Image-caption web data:

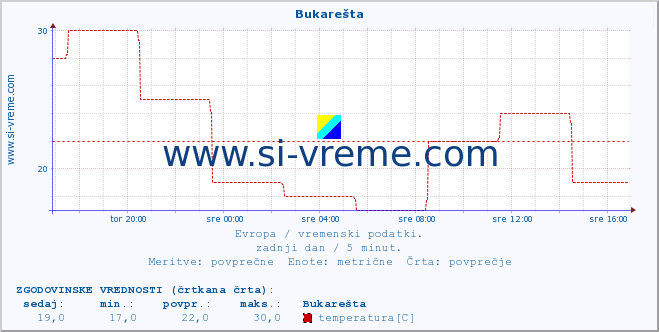 POVPREČJE :: Bukarešta :: temperatura | vlaga | hitrost vetra | sunki vetra | tlak | padavine | sneg :: zadnji dan / 5 minut.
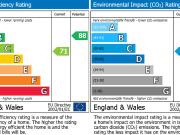 Apartment at Bunyan Road, Biggleswade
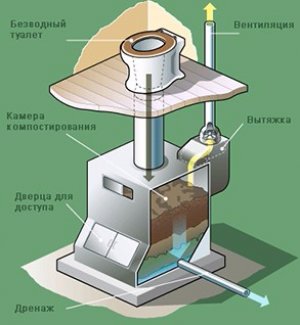 Принцип работы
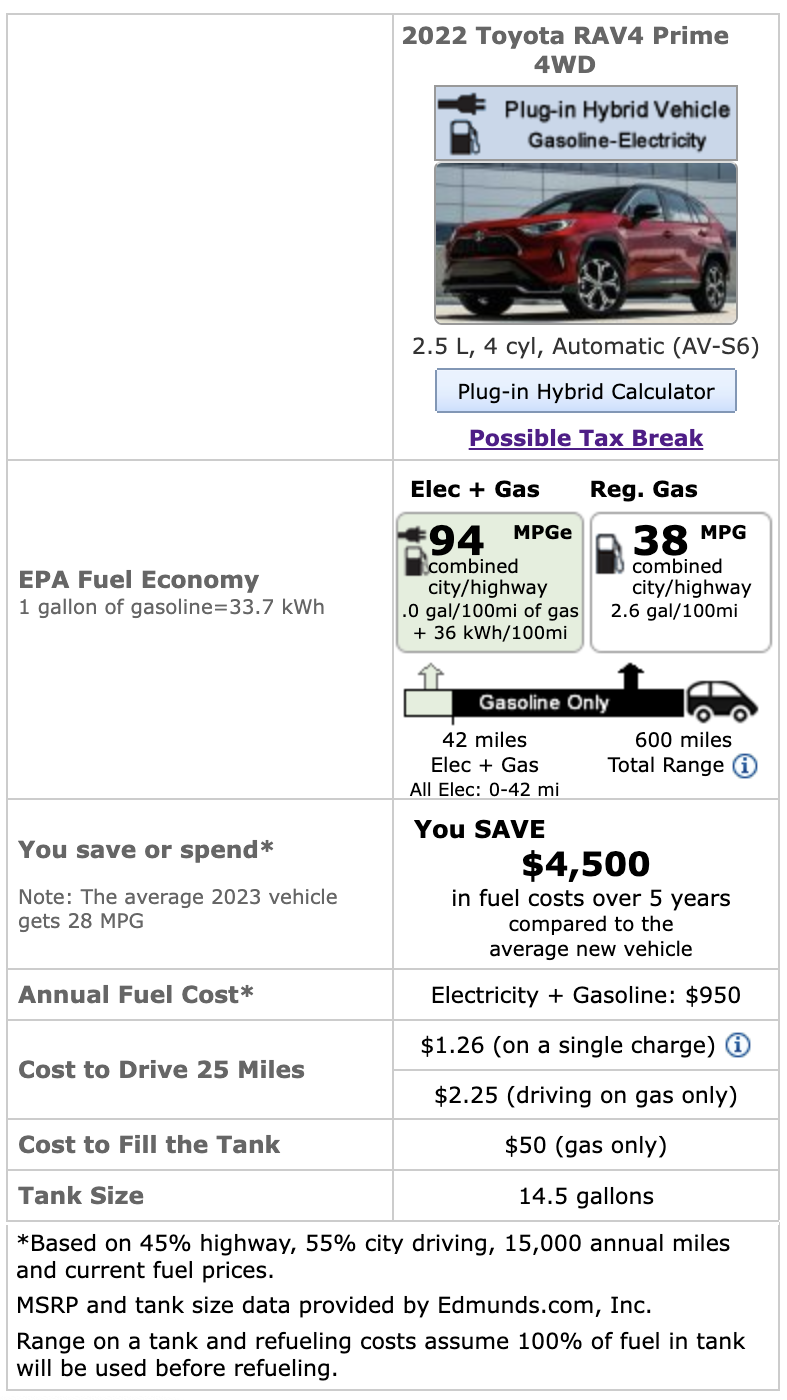 Rav4 Prime MPG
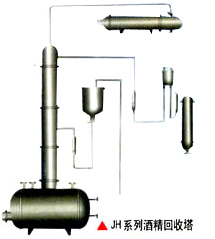 甲醇、乙醇回收塔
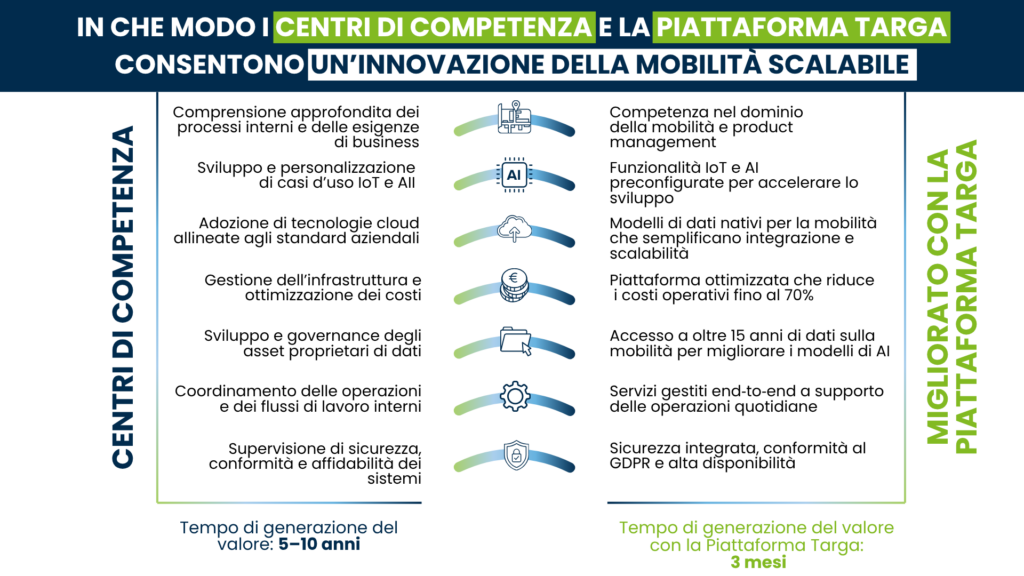 Infografica che mostra come i Centri di Competenza e la Piattaforma Targa abilitino un’innovazione della mobilità scalabile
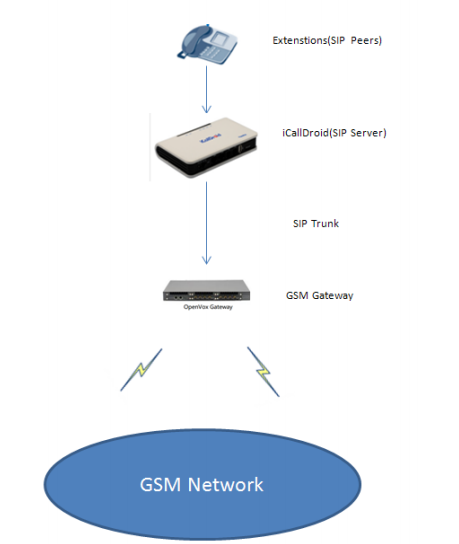 VoxStack GSM Gateway Connect with iCallDrid Manual | OpenVox Document Center word image 1065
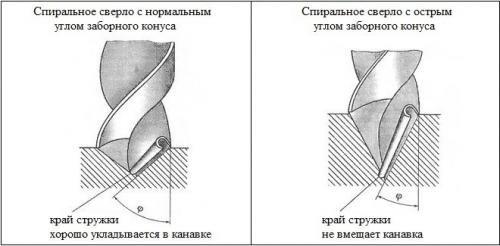 Приспособления для заточки сверл по металлу. Чертежи простейших приспособлений 07 Приспособления для заточки сверл по металлу. Чертежи простейших приспособлений 07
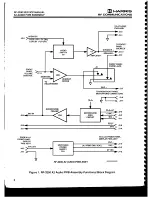 Предварительный просмотр 67 страницы Harris RF-3200 Service Manual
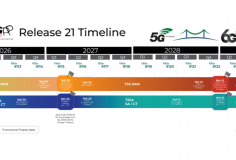 Qualcomm đang chuẩn bị cho việc ra mắt công nghệ 6G vào năm 2029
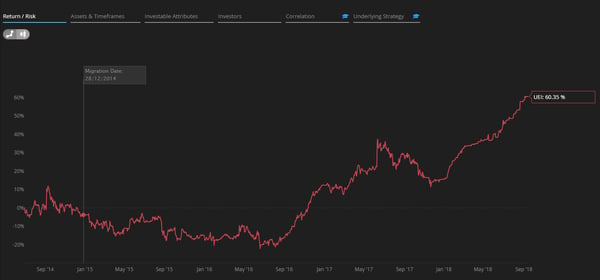 Return curve UEI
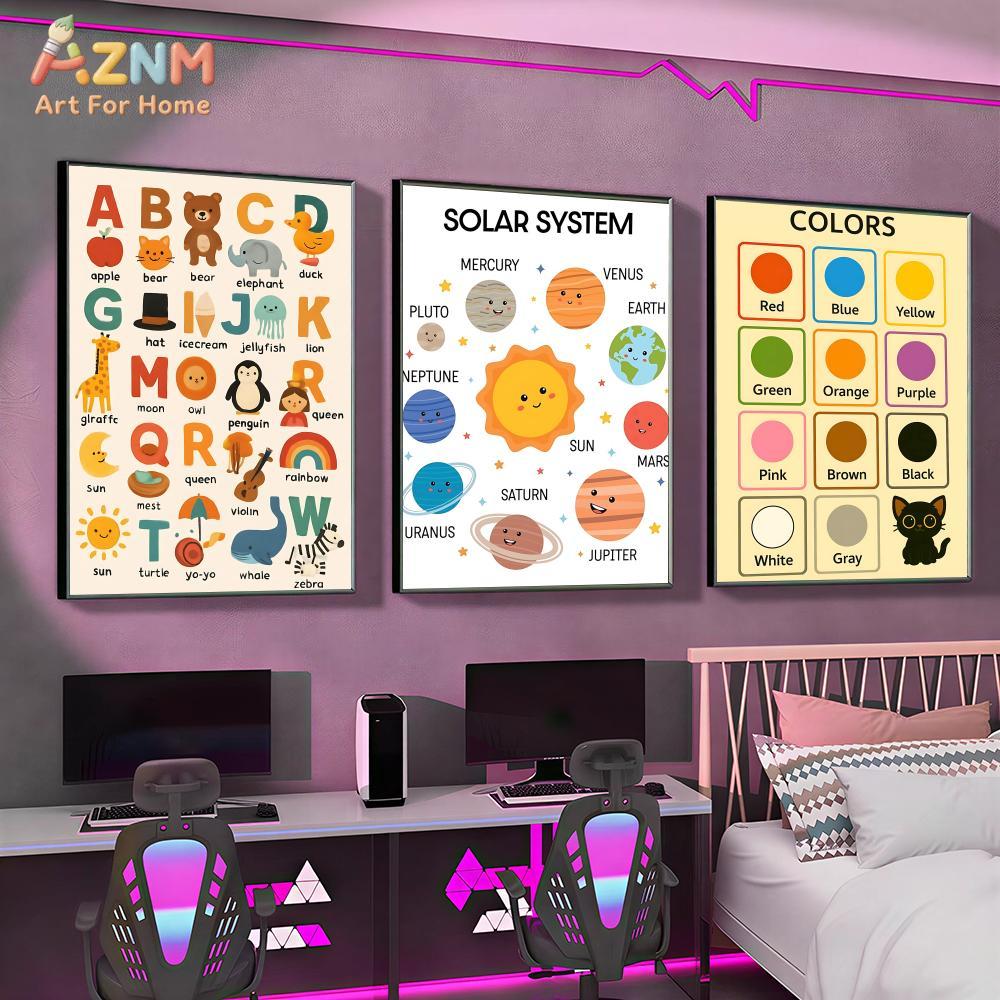AZNM Kids Educational Canvas W - Kids Education System 评论和价格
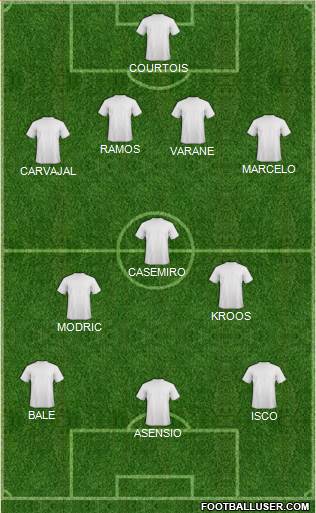 Dream Team Formation 2018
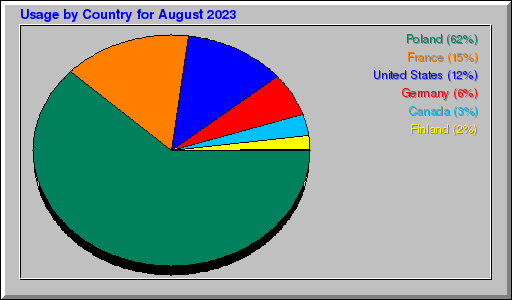 Odwolania wg krajów -  sierpień 2023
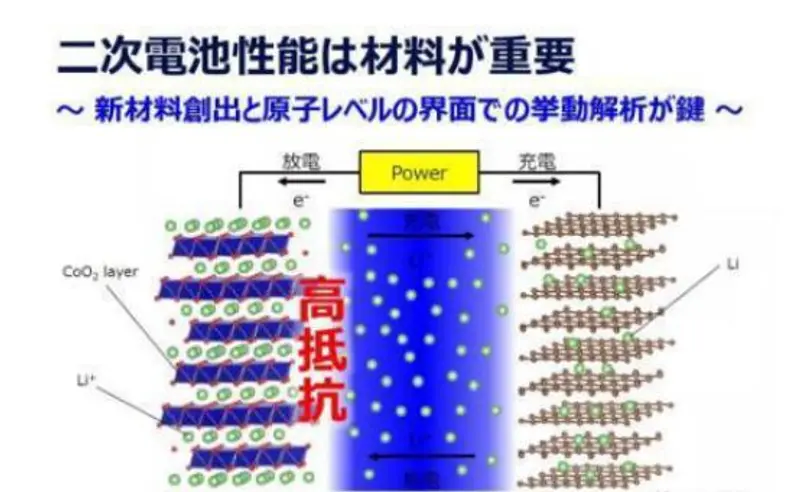 或将于2022年面世，日本企业联合开发固态电池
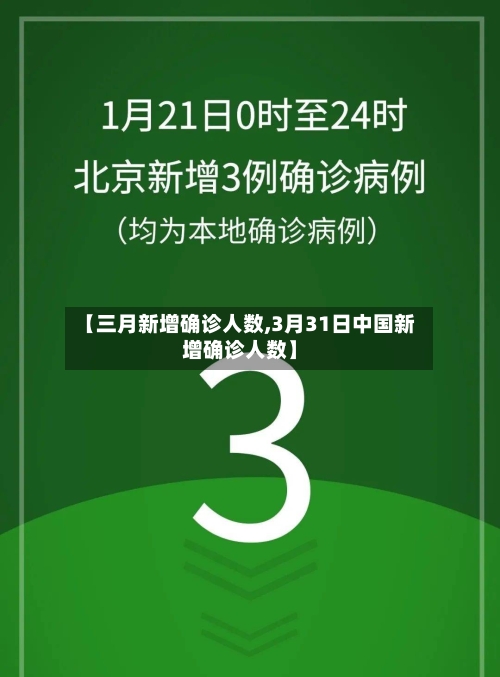 【三月新增确诊人数,3月31日中国新增确诊人数】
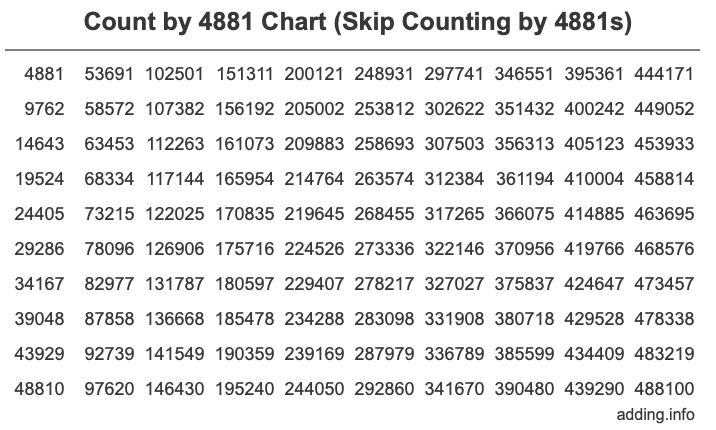 Count by 4881 chart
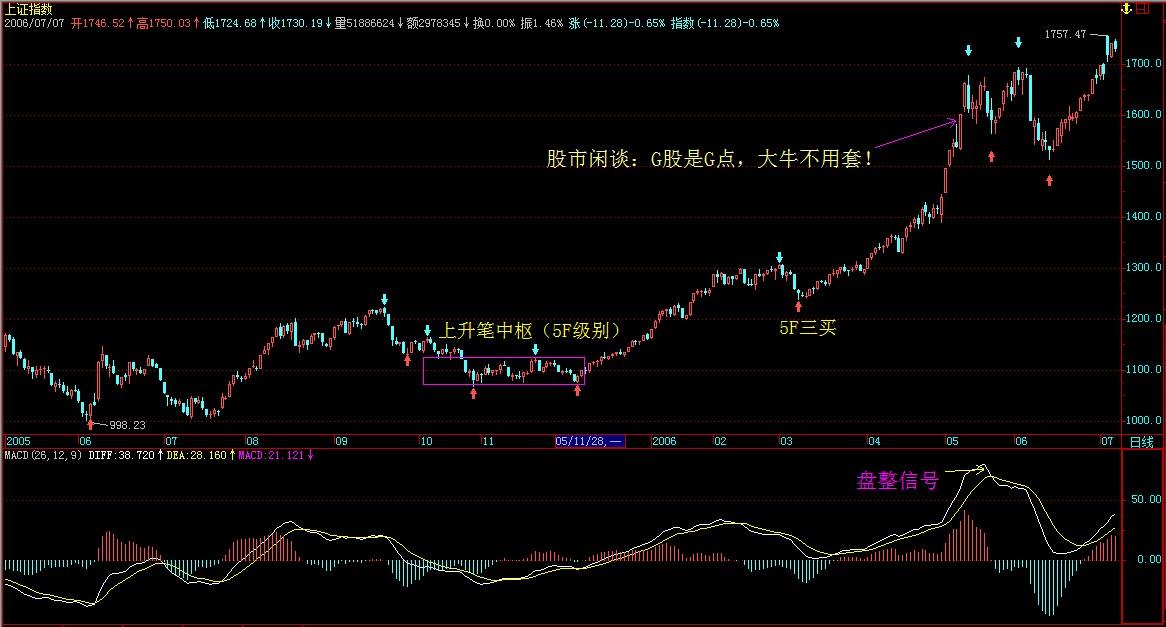 云之君完全配图缠中说禅教你炒股票108课及完整答疑回复开篇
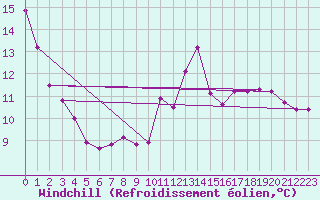 Courbe du refroidissement olien pour Saint-Michel-Mont-Mercure (85)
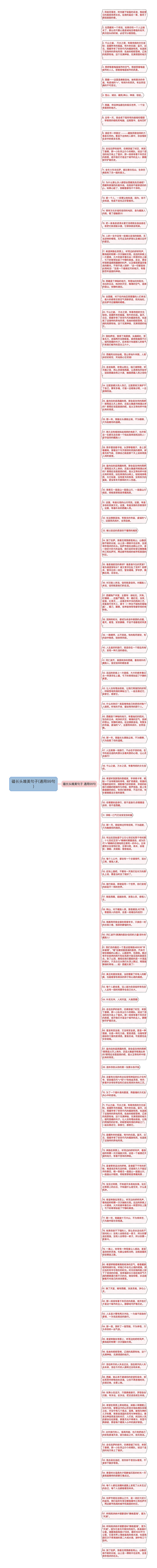 磕长头唯美句子(通用99句)思维导图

→ ASSIGNMENT: From the line containing "Предварительный просмотр 67" down to the last line of the entries above, retype each line exactly as it stands, but skip the pictures.

→ ANSWER TO THE EXERCISE:
 Предварительный просмотр 67 страницы Harris RF-3200 Service Manual
 Qualcomm đang chuẩn bị cho việc ra mắt công nghệ 6G vào năm 2029
 Return curve UEI
AZNM Kids Educational Canvas W - Kids Education System 评论和价格
 Dream Team Formation 2018
 Odwolania wg krajów -  sierpień 2023
 或将于2022年面世，日本企业联合开发固态电池
 【三月新增确诊人数,3月31日中国新增确诊人数】
 Count by 4881 chart
 云之君完全配图缠中说禅教你炒股票108课及完整答疑回复开篇
 Courbe du refroidissement olien pour Saint-Michel-Mont-Mercure (85)
 磕长头唯美句子(通用99句)思维导图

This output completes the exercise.